Megorashim ( "expelled") is a term used to refer to Jews from the Iberian Peninsula who arrived in North Africa as a result of the anti-Jewish persecutions of 1391 and the expulsion of Jews from Spain in 1492. These migrants were distinct from pre-existing North African Jews called Toshavim. The Toshavim had been present in North Africa since ancient times, spoke the local languages (Arabic or Berber), and had traditions that were influenced by Maghrebi Islam. The Megorashim influenced North African Judaism, incorporating traditions from Spain. They eventually merged with the Toshavim, so that it is now difficult to distinguish between the two groups. The Jews of North Africa are often referred to as Sephardi, a term that emphasizes their Iberian traditions.

Migrations 
The first migration took place following the persecutions of 1391 in Catalonia, Valencia and the Balearic Islands. Many Megorashim took refuge along the North African coast, especially in Algeria. Among them were prestigious rabbis like Isaac ben Sheshet and Simeon ben Zemah Duran. Of the 40,000 to 70,000 Jews who left Spain in 1492 following the Alhambra decree, the Jewish Encyclopedia estimates that 32,000 reached the coast of North Africa; (20,000 in Morocco, 10,000 in Algeria). Others say, however, that it is impossible to really estimate how many Iberian Jews found refuge in Morocco and the Maghreb.

Communities 
These Jews had their own leaders, rabbis and spiritual leaders as well as their own minhag. They spoke the different languages of the Iberian Peninsula from which they originated (Castilian, Aragonese, Catalan, Galician, etc.) and a standardized Judeo-Spanish form, called Judezmo, has long been used by the diaspora.
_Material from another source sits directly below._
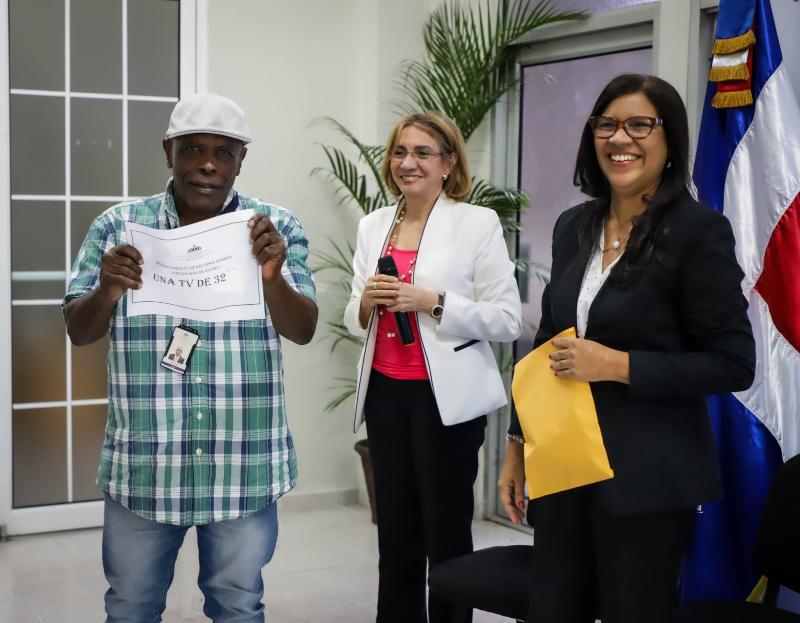 CONAPE celebra el Día del Padre junto a sus colaboradores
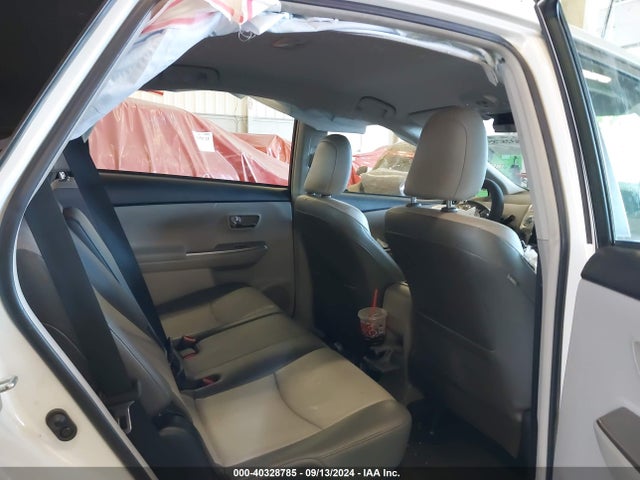 Toyota Prius V Four 2015 JTDZN3EU2FJ021005 Image 8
After 1391, the Megorashim had settled mainly in Algeria (Algiers and its adjacent cities, Tlemcen, Oran, Ténès, Béjaïa, Constantine), Tunisia (Tunis), and Morocco (Meknes, Fez, and Debdou, with the capture of Seville). Following the expulsion edict of 1492, new waves of Megorashim came to North Africa, specifically Tetouan, Fez, Meknes, Rabat, Sale, and Marrakesh. They then moved to Mogador when the Alaouite King Mohammed bin Abdullah invited the Jews to settle there and take care of relations with Portugal.

In most of the communities where they settled, the Megorashim imposed their rabbis and their reforms, eventually merging with local Jews (the Toshavim). They were at the origin of the revival of Maghreb Judaism strongly weakened by Almohade persecution. The arrival of Rabbi Ephraim Alnaqua of Seville at the end of 1391 in Tlemcen allowed Jews settled in the neighboring towns of Honaine and Agadir to settle in the city itself. In Tetouan, where they formed the main Jewish component of the city, the Megorashim imposed their Judeo-Spanish language known as Haketia. In Algiers in the 15th century, the Jews were classified in several categories: those native to Africa, those coming from the Balearic Islands and Spain or from France, by Constantinople and Italy.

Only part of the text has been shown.